DossierL'avènement du marketing 3.0
3 - Petit abécédaire du neuromarketing appliqué aux études
Le neuromarketing fait le buzz. Après les États-Unis, il débarque en Europe. Avec son lot de pourvoyeurs et de détracteurs, il ne laisse pas le monde des études indifférent. Quels en sont les véritables enjeux? Le point avec Étienne Bressoud, de BVA.
Les neurosciences ont progressé de manière importante depuis le début des années deux mille. Le neuromarketing n'est que l'arbre qui cache la forêt des multiples applications qui en découlent. Médecine, apprentissage, justice, aide aux personnes atteintes d'un handicap, les enjeux liés aux neurosciences sont majeurs pour les sociétés contemporaines. Comme tout progrès scientifique, il bouscule les habitudes et contient les germes de sa contestation, qui passe notamment par les enjeux éthiques. Les neurosciences proposent des outils de mesure du système nerveux de plus en plus accessibles pour suivre, entre autres, l'activité cérébrale. Elles permettent notamment de mesurer les émotions, conscientes et non conscientes, en dépassant les limites d'un recueil déclaratif par questionnaire. Or, l'importance des émotions dans la prise de décision est reconnue depuis de nombreuses années. Elle est, plus récemment, mise à l'honneur par le courant montant de la pensée économique qu'est la "behavioral economics" (économie comportementale), Daniel Kahneman, prix Nobel, et Dan Ariely (professeur de psychologie et d'économie) en tête. Les marketeurs s'en inspirent: ils tentent d'intégrer les émotions pour mieux comprendre le comportement des consommateurs. évolutions des neurosciences mérite que soit posée la question de l'association entre ces deux univers.
Les outils du neuromarketing
Toute émotion ressentie provoque des réactions cérébrales et corporelles, conscientes ou non. Et ce, via des afflux sanguins dans certaines zones du cerveau, la transpiration, les contractions musculaires, l'accélération du rythme cardiaque ou, de manière plus visible, les expressions du visage. Les mesures des manifestations cérébrales sont dites centrales tandis que celles de l'activité corporelle sont qualifiées de périphériques. Les valeurs issues de ces mesures ne sont pas bonnes ou mauvaises en elles-mêmes. Elles ne font qu'expliquer le phénomène observé.
- Les mesures centrales appliquées au marketing sont au nombre de deux. - L'IRMF (imagerie par résonance magnétique fonctionnelle), ou scanner, permet de disposer d'une cartographie détaillée du cerveau, et donc des zones qui s'activent en cas d'exposition à un stimulus, quel qu'il soit (publicité, emballage, dégustation, etc.).

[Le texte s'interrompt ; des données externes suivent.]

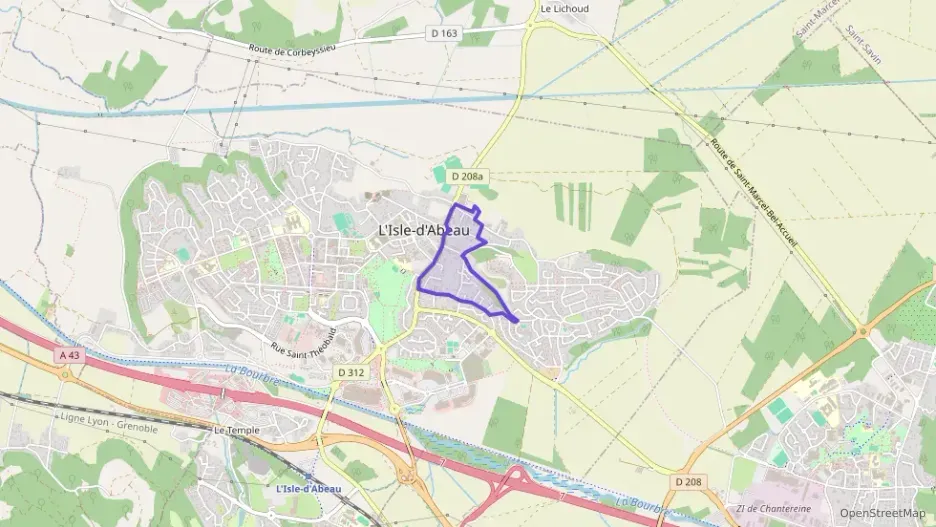 Maison 100 m² trois pièces à vendre à L`Isle-d`Abeau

Certaines recherches suggèrent que chaque zone du cerveau est attachée à une émotion ou traduit une attention, une activation des sens (olfactif, visuel...), une mémorisation... Plusieurs travaux indiquent néanmoins que de nombreux autres facteurs doivent être pris en compte, comme la séquence d'activation des zones et leur simultanéité.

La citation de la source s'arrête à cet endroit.